WORK INSTRUCTIONS:
Please return the listing below word for word, minus its pictures.

SOURCE MATERIAL:
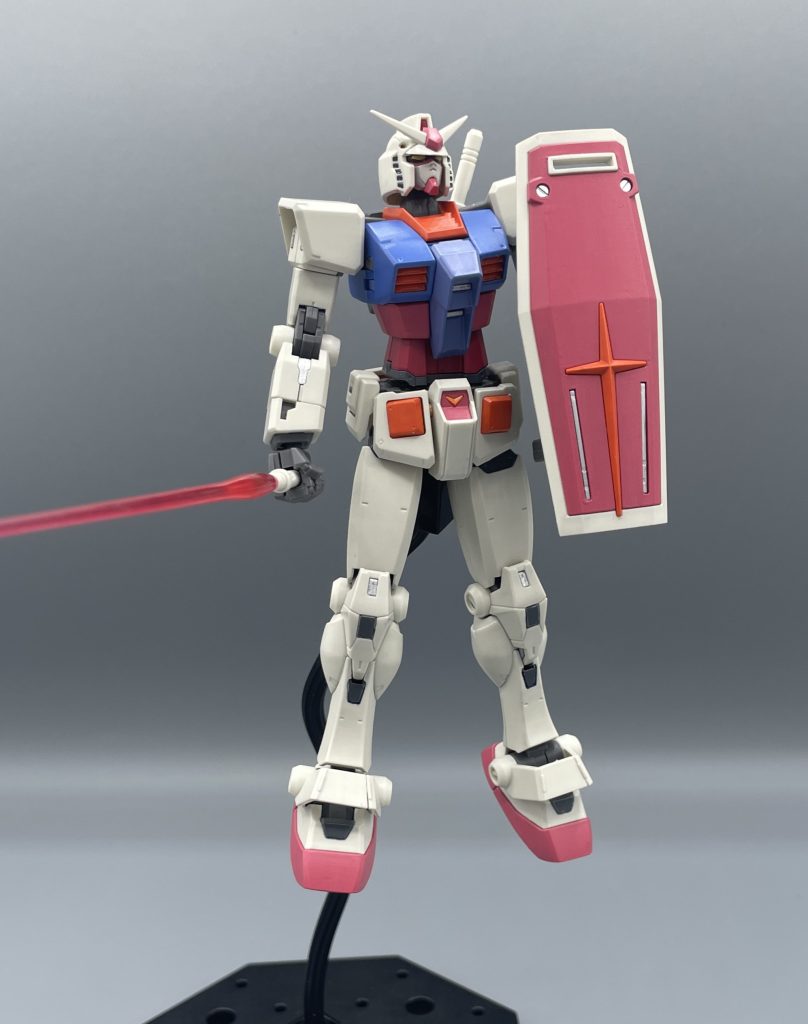 彼女の作った、この世界を終わらせるために…　ジークアクスの影響で、ガンダムの印象的なポージングがまた一つ増えましたね(*^^*)
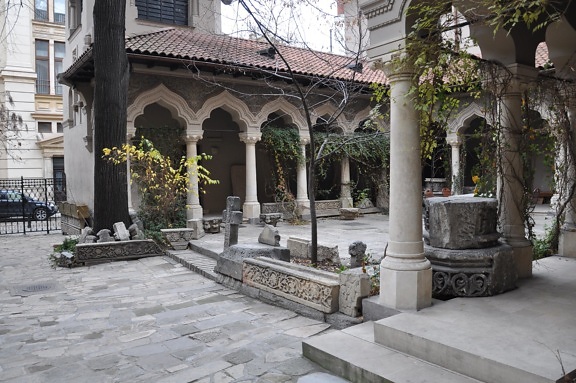 het platform met binnenplaats, boog, ingang, orthodoxe, Byzantijnse,
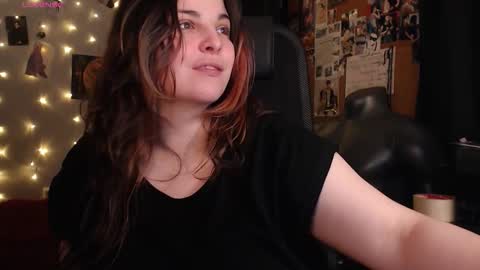 Snapshot of chill_saya chatting on October 15, 2025, 2:55 am Saya online show from October 15, 2025, 2:55 am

RESPONSE BOX:
 彼女の作った、この世界を終わらせるために…　ジークアクスの影響で、ガンダムの印象的なポージングがまた一つ増えましたね(*^^*)
 het platform met binnenplaats, boog, ingang, orthodoxe, Byzantijnse,
 Snapshot of chill_saya chatting on October 15, 2025, 2:55 am Saya online show from October 15, 2025, 2:55 am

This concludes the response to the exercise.